[Problem]
From the top of the entries, reproduce each line exactly, stopping after the line that contains "Hi, this is". Omit pictures.

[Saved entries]
+++
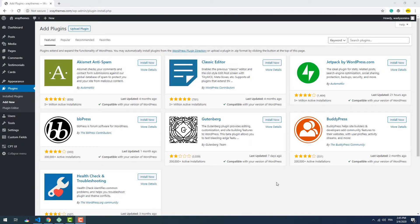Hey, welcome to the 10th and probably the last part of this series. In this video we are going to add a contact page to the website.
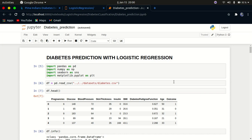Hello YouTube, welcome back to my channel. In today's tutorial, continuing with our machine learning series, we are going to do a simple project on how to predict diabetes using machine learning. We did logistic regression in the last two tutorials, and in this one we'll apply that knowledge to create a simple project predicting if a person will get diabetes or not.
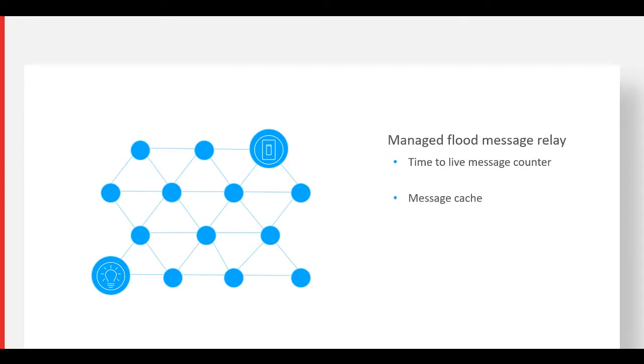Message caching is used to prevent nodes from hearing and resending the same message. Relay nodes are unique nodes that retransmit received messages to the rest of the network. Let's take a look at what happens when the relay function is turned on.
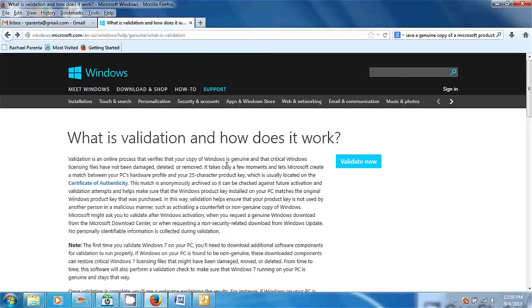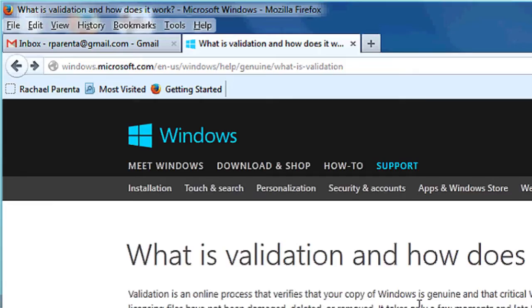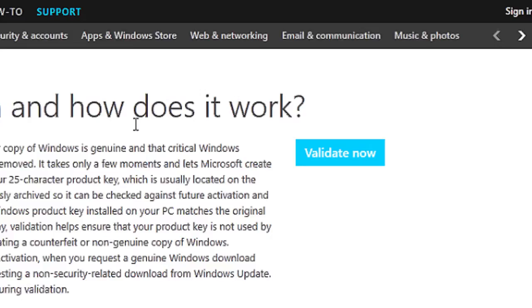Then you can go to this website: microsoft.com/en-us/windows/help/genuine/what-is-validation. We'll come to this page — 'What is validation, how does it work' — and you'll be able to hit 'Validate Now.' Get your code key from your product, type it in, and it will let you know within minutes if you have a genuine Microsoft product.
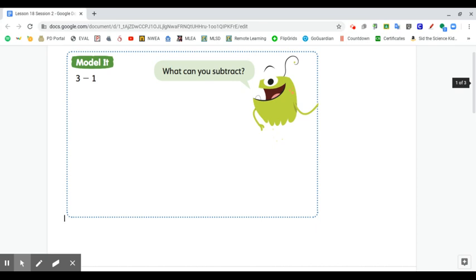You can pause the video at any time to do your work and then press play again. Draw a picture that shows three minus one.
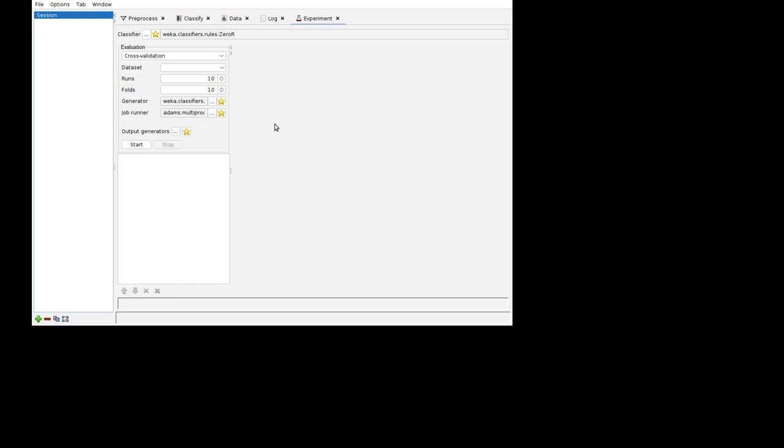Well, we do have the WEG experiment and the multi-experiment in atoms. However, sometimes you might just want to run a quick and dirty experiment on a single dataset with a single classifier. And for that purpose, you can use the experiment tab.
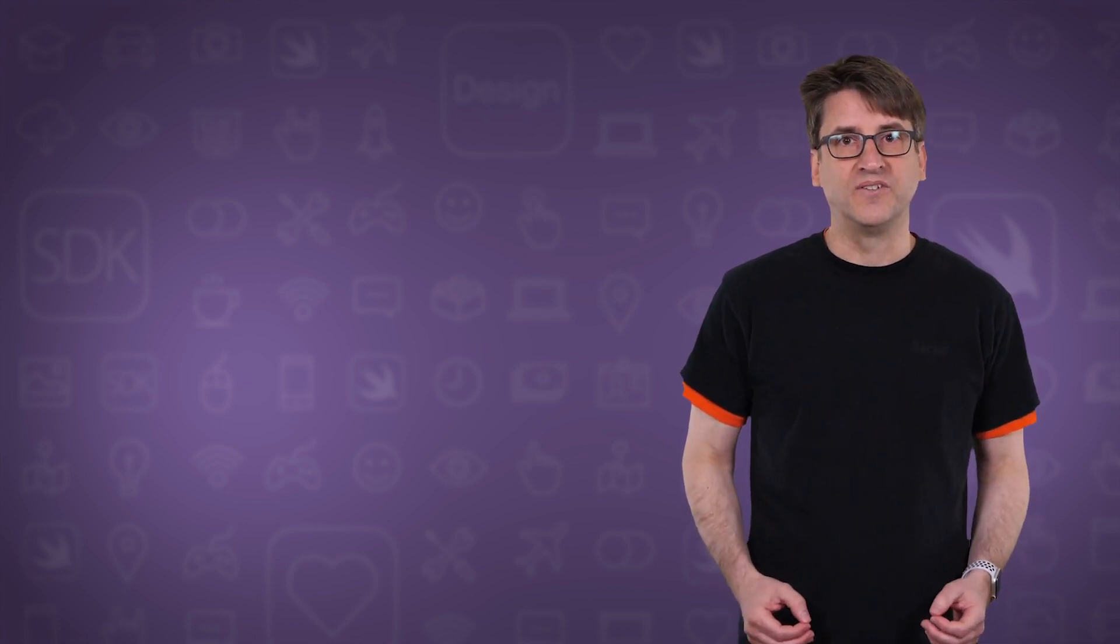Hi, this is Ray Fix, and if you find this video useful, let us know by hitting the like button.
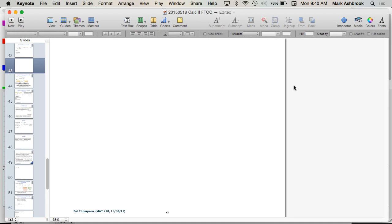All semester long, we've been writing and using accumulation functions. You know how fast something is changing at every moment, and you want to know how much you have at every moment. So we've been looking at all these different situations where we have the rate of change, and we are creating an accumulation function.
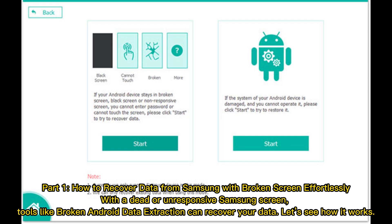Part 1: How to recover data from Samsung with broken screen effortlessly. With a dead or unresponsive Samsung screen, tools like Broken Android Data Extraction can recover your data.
+++
[Your solution]
Hey, welcome to the 10th and probably the last part of this series. In this video we are going to add a contact page to the website.
Hello YouTube, welcome back to my channel. In today's tutorial, continuing with our machine learning series, we are going to do a simple project on how to predict diabetes using machine learning. We did logistic regression in the last two tutorials, and in this one we'll apply that knowledge to create a simple project predicting if a person will get diabetes or not.
Message caching is used to prevent nodes from hearing and resending the same message. Relay nodes are unique nodes that retransmit received messages to the rest of the network. Let's take a look at what happens when the relay function is turned on.
Then you can go to this website: microsoft.com/en-us/windows/help/genuine/what-is-validation. We'll come to this page — 'What is validation, how does it work' — and you'll be able to hit 'Validate Now.' Get your code key from your product, type it in, and it will let you know within minutes if you have a genuine Microsoft product.
You can pause the video at any time to do your work and then press play again. Draw a picture that shows three minus one.
Well, we do have the WEG experiment and the multi-experiment in atoms. However, sometimes you might just want to run a quick and dirty experiment on a single dataset with a single classifier. And for that purpose, you can use the experiment tab.
Hi, this is Ray Fix, and if you find this video useful, let us know by hitting the like button.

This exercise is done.